By JOHN T. WARD
This edition of redbankgreen‘s Retail Churn could almost have been ripped from the Red Bank Register of a century ago, with news about a haberdashery, a jeweler, a “gentlemen’s club” tonsorial, a rug store and a smoke shop opening downtown.
Ok, that last one’s more a vape shop, but still. Read on for details.
A barber named Andrew Evilsizor plans to open a shop at 30 Monmouth Street. Below, adjacent stores at the corner of Broad and Wallace have been leased to a rug shop and a smoking products shop. (Photo by John T. Ward. Click to enlarge)
• A year after temporarily closing Sciortino Tailors’ shop at 3 East Front Street, with the intention of moving a block west, Vinny Sciortino has instead reopened his haberdashery at 15 Broad Street. And he’s got company.

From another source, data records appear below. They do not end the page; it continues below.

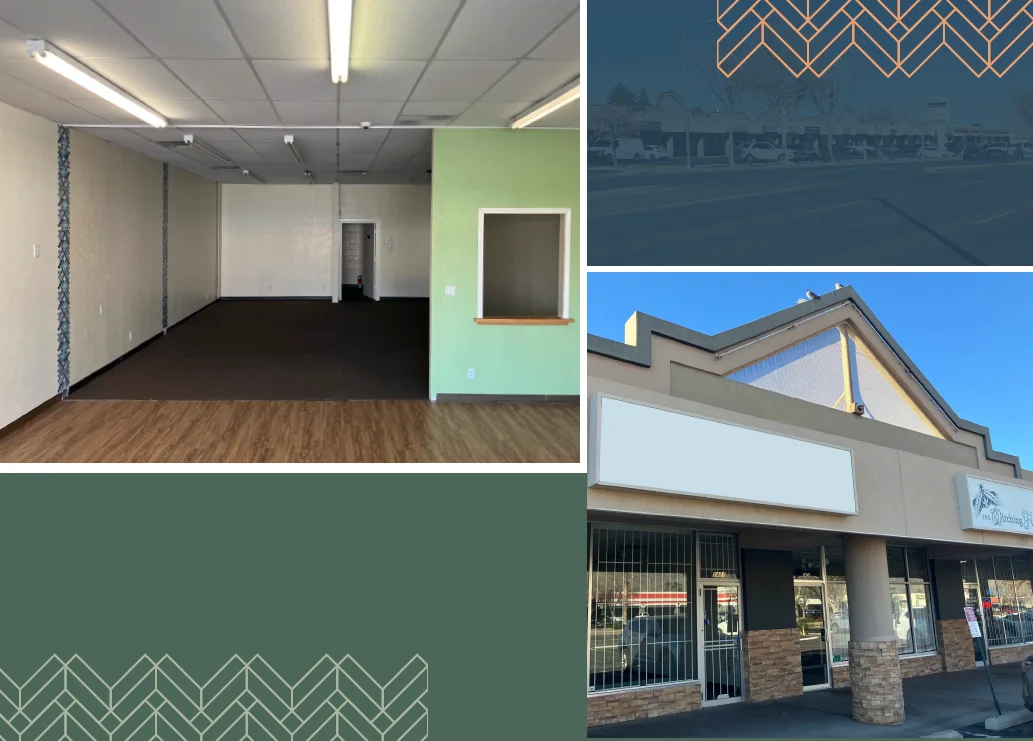 Eubank Plaza — Lease in Albuquerque, NM, photo 2 of 4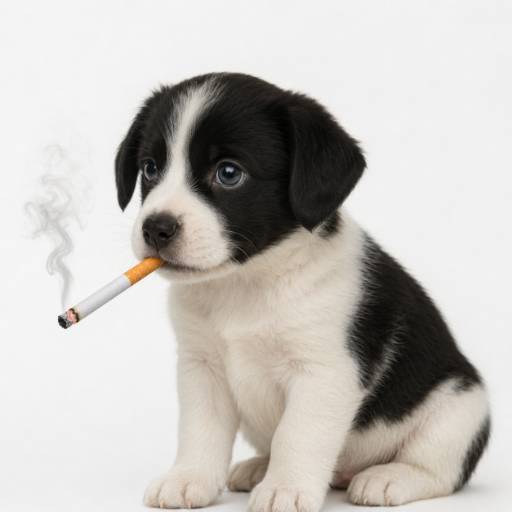 CigDog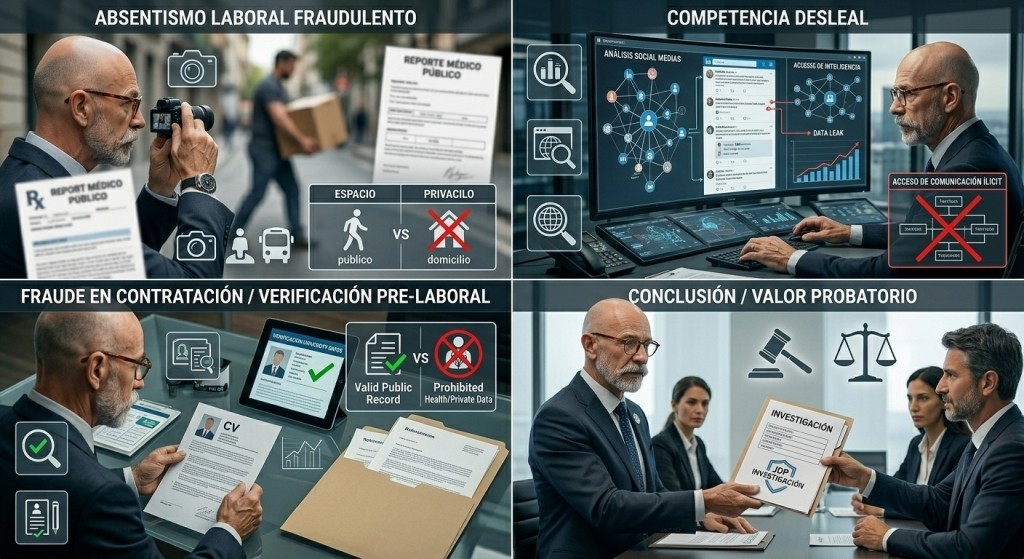 absentismo 360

Sharing floor space with Sciortino is Evan John Diamantaire (formerly Thrill Her Diamonds), which relocated from 26 Monmouth Street.
Jeweler Evan Piscitelli tells Churn the combination wasn’t about saving money on rent, though that’s a benefit. It was more about pairing two complementary businesses on the highest-visibility block downtown, he says.

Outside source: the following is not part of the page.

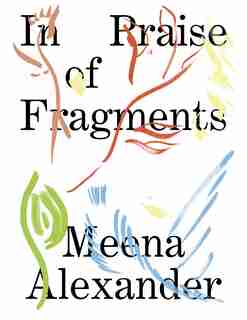 In Praise Of Fragments by Meena Alexander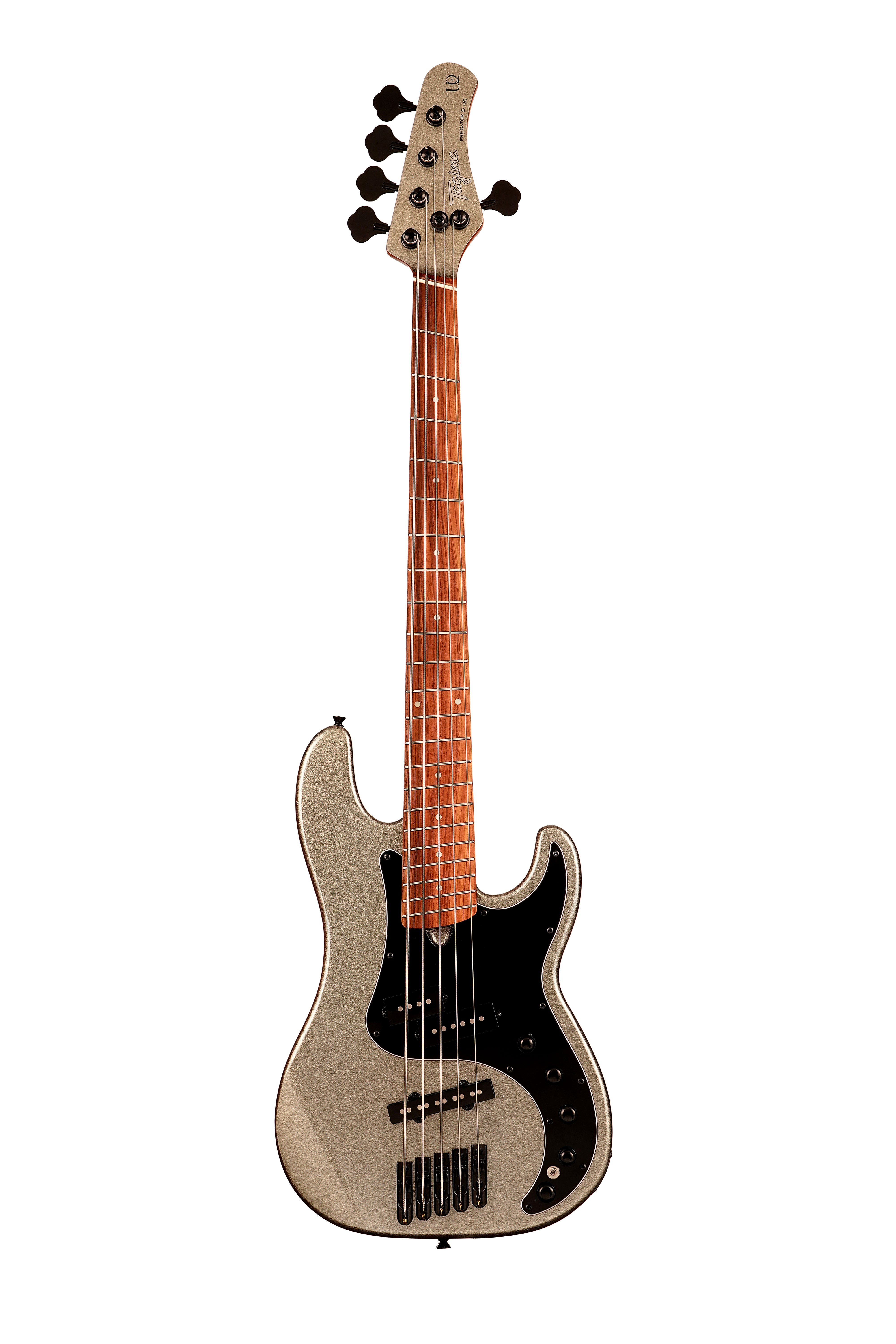 Bass Guitars Unique Series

“Since I do custom jewelry, and Vinny does custom men’s wear, we thought combining the two was a good idea,” Piscitelli tells Churn.
Sciortino says he’s “like, a sixth-generation” tailor, and has been joined by his son, Vincent, in the business. In addition to custom wear, the amateur guitarist has a smattering of D’Angelico hollow-body electric guitars on display throughout the shop, including one that’s plugged into an amp and ready to rock at the front counter for whoever comes along. The instruments are available for purchase, he said.
The space was last occupied by homewares shop Pickett & White. The building was recently purchased for $1.45 million by 15 Broad Street Realty LLC, which lists Frank Esposito of Colts Neck as its managing member, according to Monmouth County and New Jersey filings.
• Shama Grover, who owns a smoke shop called Smoke Ringz in Manlapan, plans to open Smoke Theory, at 65 Broad Street, which encompasses four retail spaces just south of Wallace Street.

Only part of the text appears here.